## Goal of the exercise
Each line below must be transcribed exactly, and no picture may appear in the transcription.

## Material provided

◆ ◆ ◆ ◆ ◆

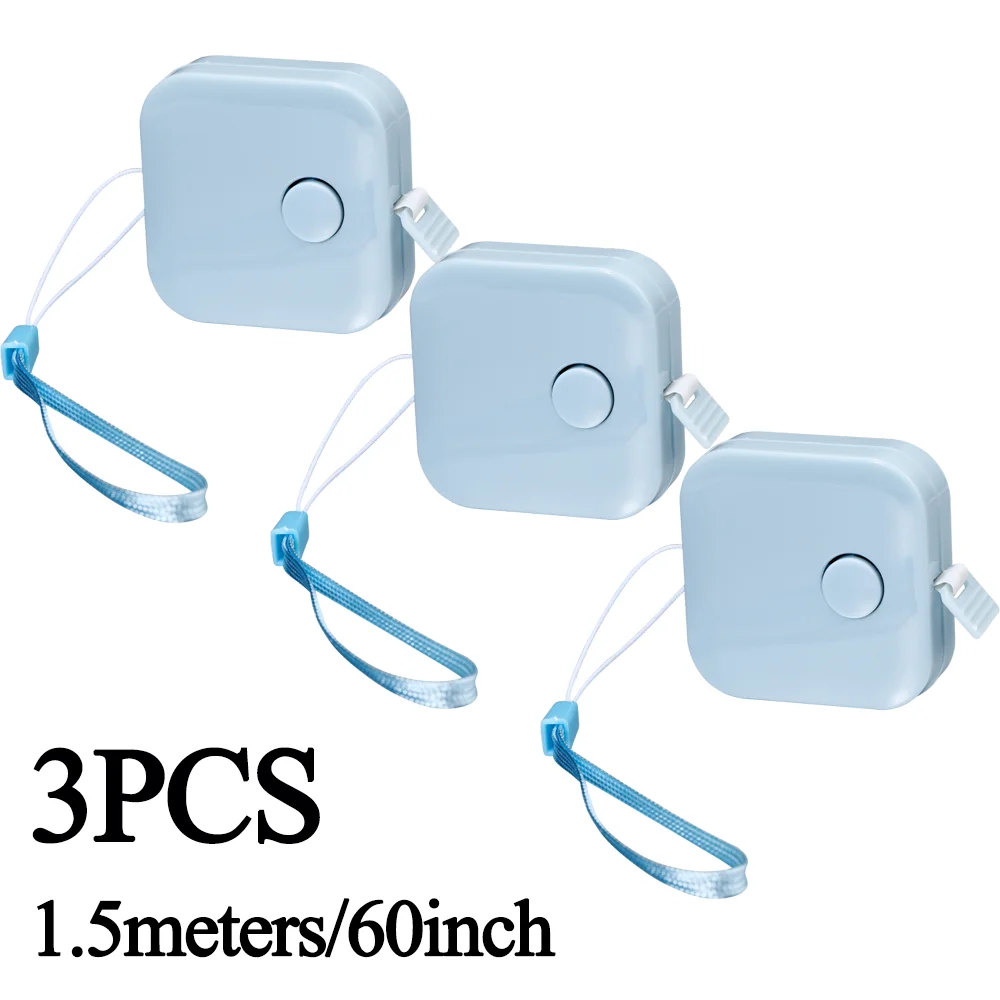 1.5M Portable Tape Measure Small Jewelry measurement Ruler for Weight Loss Medical Body Measurement Tailor Measure Clothes Waist - Image 18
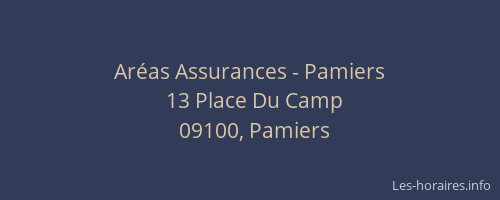Aréas Assurances - Pamiers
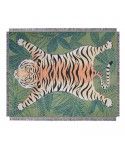 Amazon shopee tiger personalized creative blanket sofa decorative blanket cotton leisure blanket tapestry travel blanket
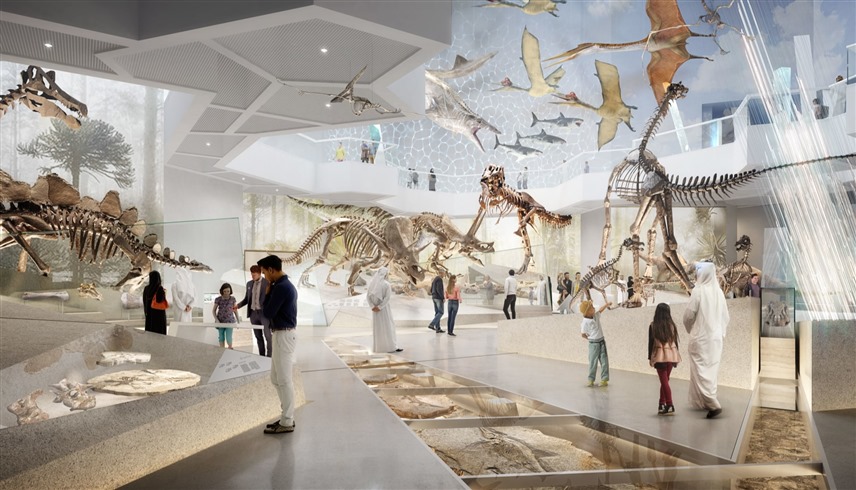 تصور رقمي لمتحف التاريخ الطبيعي أبوظبي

◆ ◆ ◆ ◆ ◆

## Written solution
 1.5M Portable Tape Measure Small Jewelry measurement Ruler for Weight Loss Medical Body Measurement Tailor Measure Clothes Waist - Image 18
Aréas Assurances - Pamiers
 Amazon shopee tiger personalized creative blanket sofa decorative blanket cotton leisure blanket tapestry travel blanket
 تصور رقمي لمتحف التاريخ الطبيعي أبوظبي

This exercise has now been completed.